## Work order
Quote the material exactly from the line that contains "Burgundy Wedding Theme, Burgundy" through its last line. Any pictures are to be left out.

Input records below:

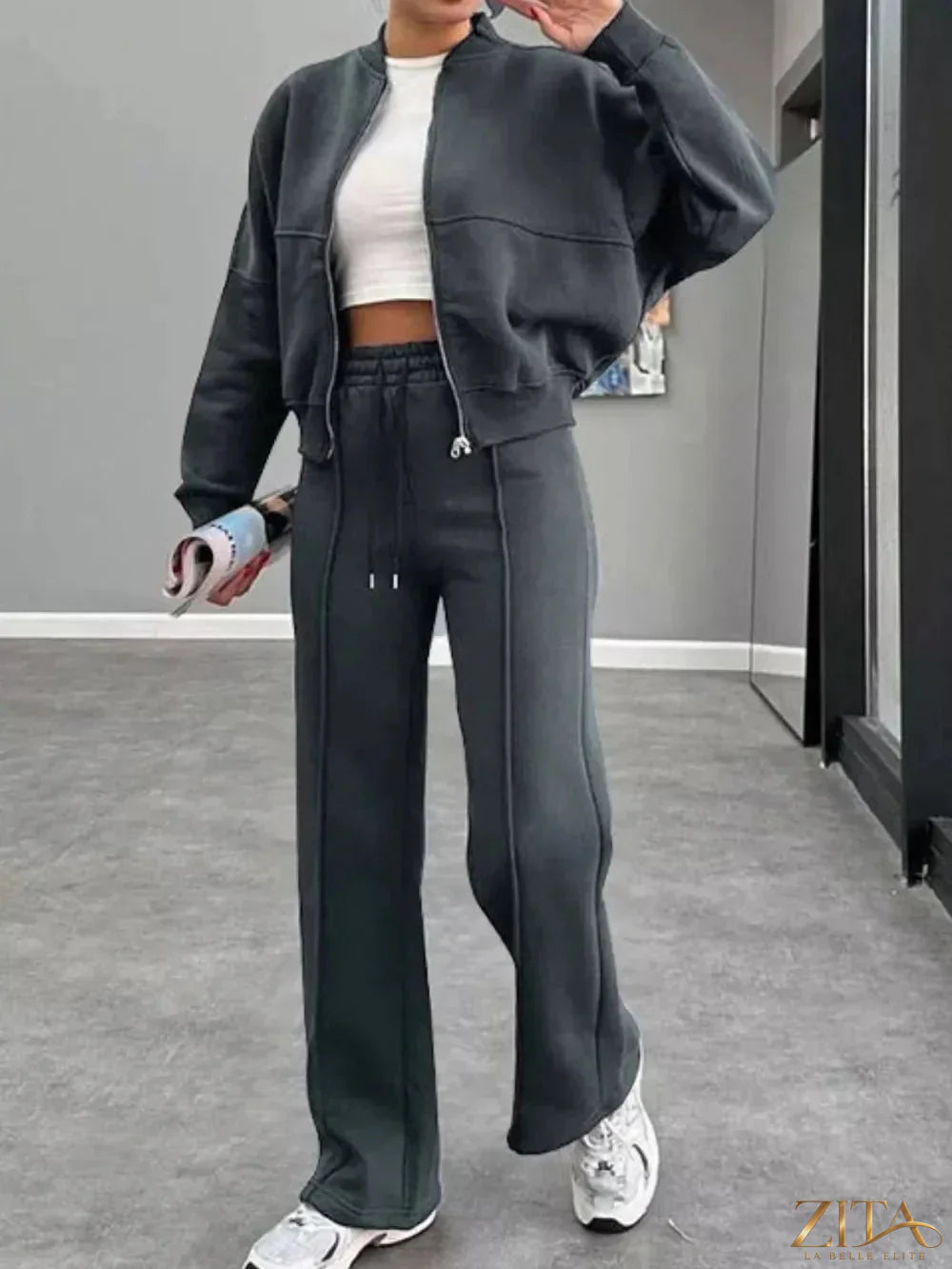 Zita La Belle Elite baseball collar zip-up outerwear and drawstring pants set, featuring a sporty design and casual fit.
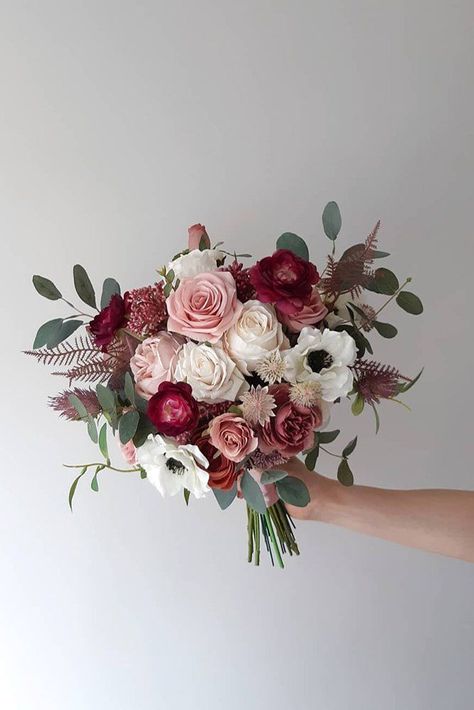 Burgundy Wedding Theme, Burgundy Wedding Flowers, Bouquet With Roses, Vintage Bridal Bouquet, Burgundy And Blush Wedding, Maroon Wedding, Fragrant Candles, Fall Wedding Bouquets, Fall Wedding Flowers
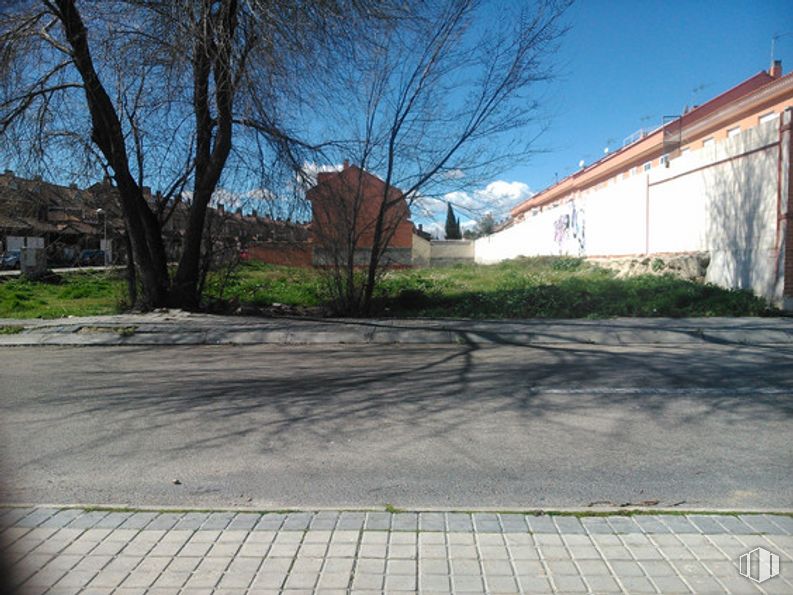 Land for sale at Calle Chile, Ciempozuelos, Madrid, 28350 with house, plant, daytime, sky, road surface, tree, asphalt, land lot, wood and grass around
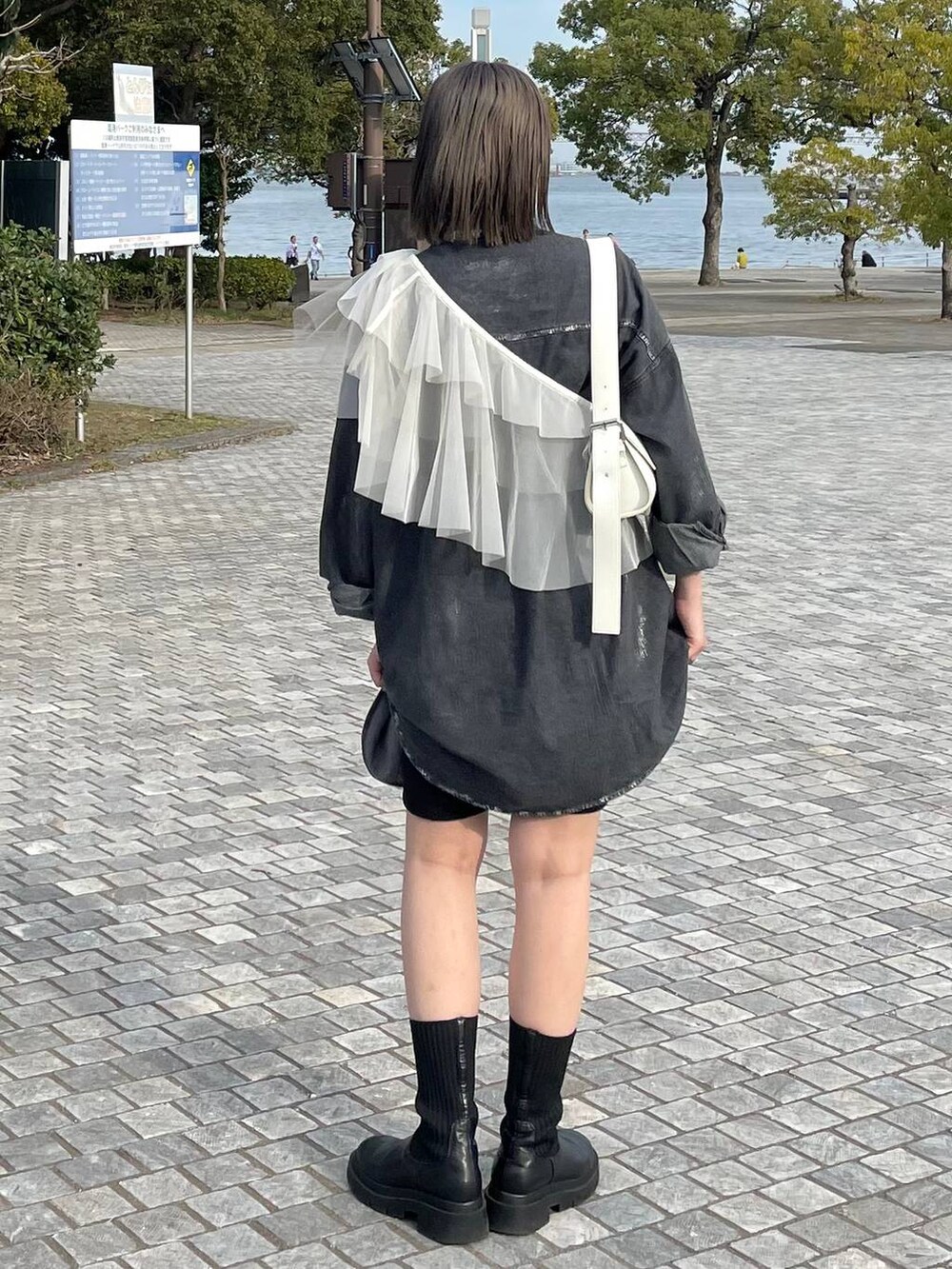 ブラック系のその他パンツ、ブラック系のシャツ/ブラウス、ホワイト系の付け襟を着用したレディースの冬コーディネートの6枚目の写真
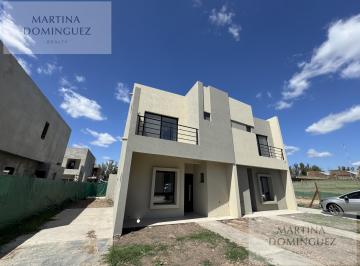 Casa · 118m² · 3 Ambientes · 2 Cocheras · Venta Duplex - Spring Park - Pilar - 3/4ambientes - Sum - Canchas de Pádel - Pileta - Futbol.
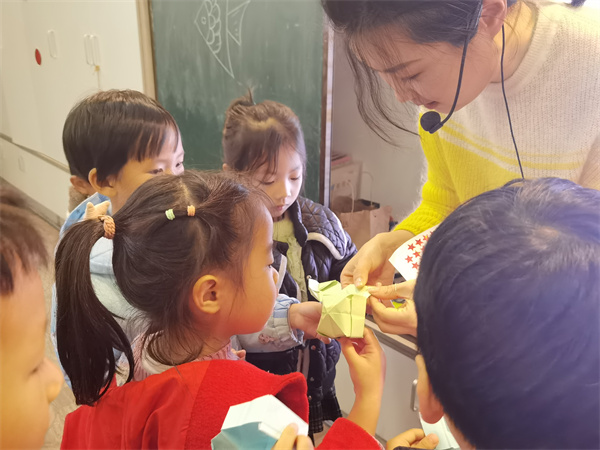 二幼：传红色文化   润红色童心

End of Input records.

## Solution
 Burgundy Wedding Theme, Burgundy Wedding Flowers, Bouquet With Roses, Vintage Bridal Bouquet, Burgundy And Blush Wedding, Maroon Wedding, Fragrant Candles, Fall Wedding Bouquets, Fall Wedding Flowers
 Land for sale at Calle Chile, Ciempozuelos, Madrid, 28350 with house, plant, daytime, sky, road surface, tree, asphalt, land lot, wood and grass around
 ブラック系のその他パンツ、ブラック系のシャツ/ブラウス、ホワイト系の付け襟を着用したレディースの冬コーディネートの6枚目の写真
 Casa · 118m² · 3 Ambientes · 2 Cocheras · Venta Duplex - Spring Park - Pilar - 3/4ambientes - Sum - Canchas de Pádel - Pileta - Futbol.
 二幼：传红色文化   润红色童心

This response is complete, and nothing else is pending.